Miguel Mañara Vicentelo de Leca (3 March 1627 – 9 May 1679) was the main founder of the Hospital de la Caridad in Seville.

==Life==
===Family background===
Born in Seville, his family originated in Corsica. His father Tomás Mañara Leca y Colona had been born in Calvi.

=== Death ===

A cause for Mañara's beatification was formally opened on 24 September 1754, granting him the title of Servant of God.

== Appearances in literature ==
In French literature Mañara was the subject of Prosper Merimée's novella Les Âmes du purgatoire (1834) and Alexandre Dumas's play Don Juan de Marana ou la chute d'un ange (1836). Théophile Gautier, Antoine de Latour, Edmond Haraucourt and Pierre-Paul Raoul Colonna de Cesari Rocca also wrote about him, while Maurice Barrès dedicated a chapter to him in Du sang de la volupté et de la mort (1900)
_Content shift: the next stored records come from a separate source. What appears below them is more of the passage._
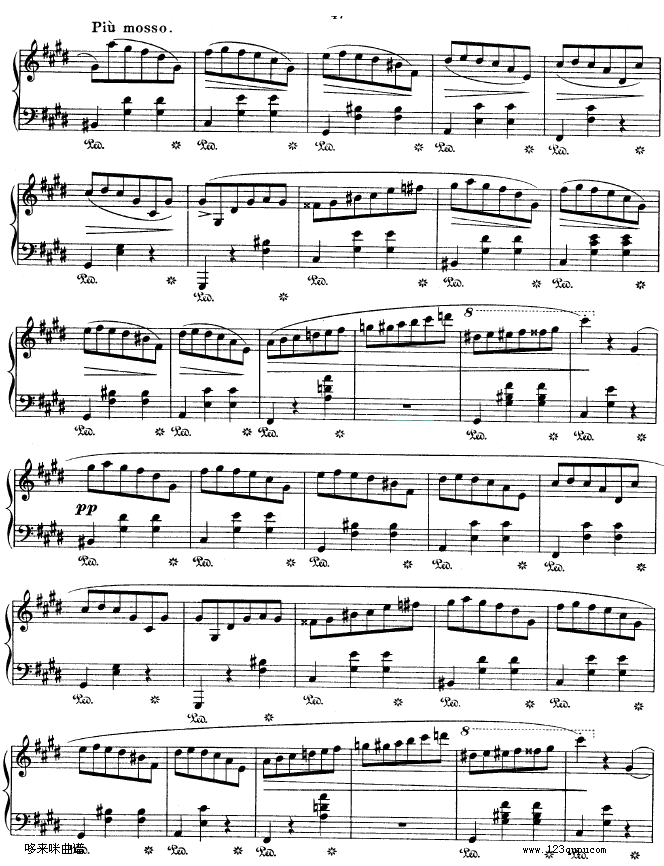 钢琴圆舞曲64-2-肖邦钢琴曲谱（图4）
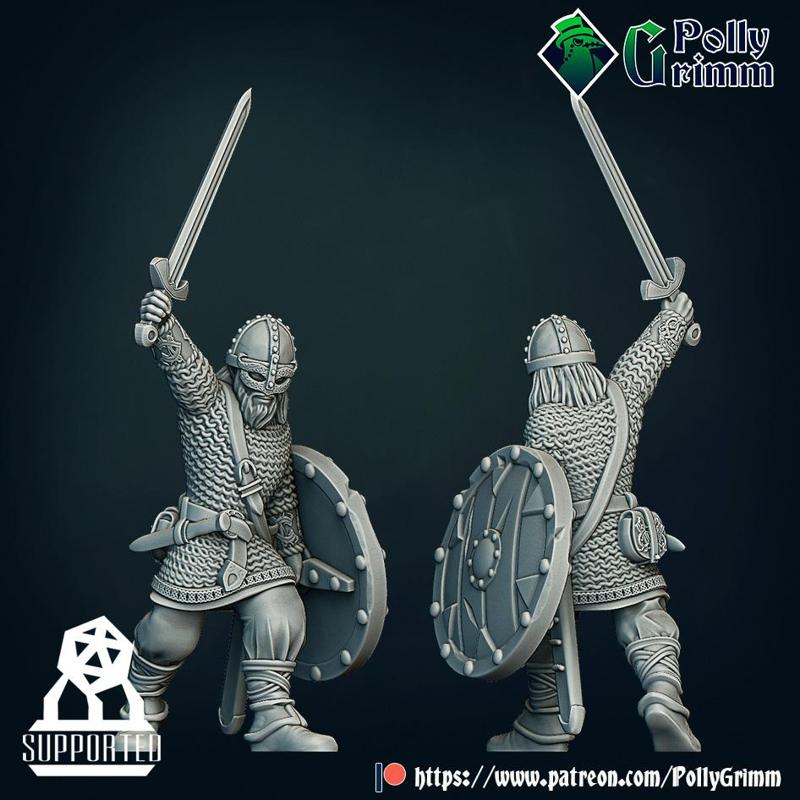 Viking set. Northern warrior.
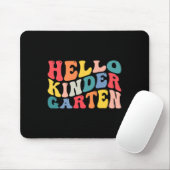 Tapis De Souris hello kindergarten teacher back to school Ret (Avec souris)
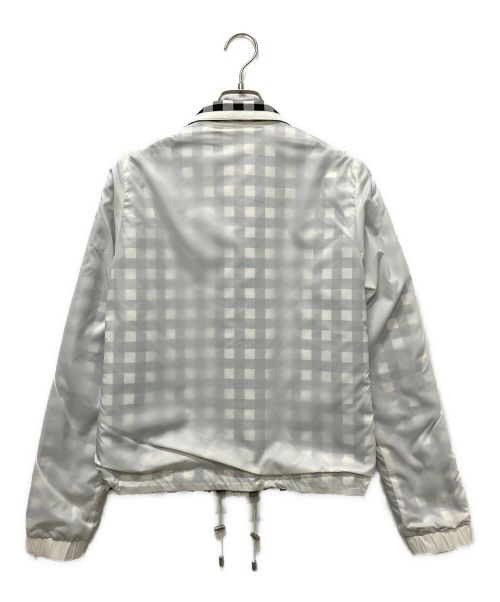 CHANEL（シャネル）CHANEL (シャネル) Reversible Jumper Jacket Blouson ホワイト×ブラック サイズ:38の古着・服飾アイテム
 Don Juan de Marana was also the title of an opera by the British writer Arnold Bennett. In the 20th century Apollinaire also wrote about him, while the brothers Manuel and Antonio Machado produced the play Don Juan de Mañara (1927). There is also a four-act opera with six music-frames by Henri Tomasi and a libretto adapted from Oscar Venceslas de Lubicz-Milosz's play Miguel Mañara. Finally, Esther van Loo produced a pseudo-historical biography Le vrai Don Juan, Don Miguel Mañara, published in Paris in 1950.

==Bibliography==
- Discurso de la verdad, Sevilla, 1778, en la imprenta de Don Luis Bexinez y Castilla, Impresor Mayor de la Ciudad, edición facsímil, Mairena del Aljarafe, 2007, Extramuros Edición.
- Carlos Ros Carballar, Miguel Mañara, caballero de los pobres, (2002), Editorial San Pablo.
- Juan Pablo Navarro Rivas, Miguel Mañara. El rico que sirvió a los pobres, (2017), Editorial Maratania.